所需各种材料准备了一日,到了第三日,年前做娟花的原班人马到齐,再加上卢娘子和赵氏,一群女人聚在一起开工了。编手链不怎么挣钱,因此青舒舍了这一项,让大家专心做娟花。
大人们做事,家里的孩子无人照看。赵氏这边不愁,周星本就在府里玩儿习惯了,早上带过来,下午回家时带走便是,周星自会跟麦子他们玩儿。宁四的娘和娘子原是将孩子托给邻居大娘的,可邻居大娘最近妒忌宁家的老少俩妇人挣银子的差事,便不给照看孩子了。苏妈妈听说了,请示了青舒,允许宁娘子将家中的孩子带进府里来。至于其他人,家中人手足,亲戚邻里的又不错,因此没有这类烦心事。

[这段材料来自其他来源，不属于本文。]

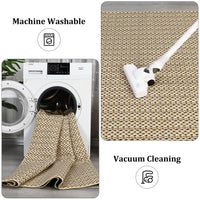 Garvee Washable Area Rugs 10x13 Large Modern Printed Accent Carpet with Non-Slip Backing, Non-Shedding Contemporary Woven-Style Living Room Rugs for Bedroom, Office, Camel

娟花做了两日,宁四的娘私下里问苏妈妈还用不用人。苏妈妈便说小姐怕碰上心术不正的或是手脚不干净的,因此即便缺人手,若不是知根知底的,不会要。宁四的娘便提起一人,说这人绝对可信,人品方面也做了担保。
苏妈妈一琢磨,去了青舒那边。
青舒正铺开纸,埋首在桌案上画着什么。听到苏妈妈来的通传,她放下手中的毛笔,抬头,见苏妈妈正好进门,她便招呼道,“不用行礼了,过来坐。”
苏妈妈坚持行了礼,之后站在书案前,看到小姐在纸上画的东西,一脸茫然,“小姐,这是什么?怎么画的一块儿一块儿的?”
青舒指着纸上画的解释,“这张纸比作整块儿荒地,这算是小山头儿,这边这块儿圈起来的就是果园,这边这块儿想着开出来种辣椒,这里建屋舍,这里建牲口棚,还有许多想法,想起来一样我就标出一样来,免得到时忘记了。”
苏妈妈可不懂规划草图,但心中的疑问还是要问的,“小姐,那荒地种树大概能成,可种菜,能成吗?”
“试试就知道了。不成也没关系,咱们就种树,再养上家禽,总会有点收获的,不会赔本。”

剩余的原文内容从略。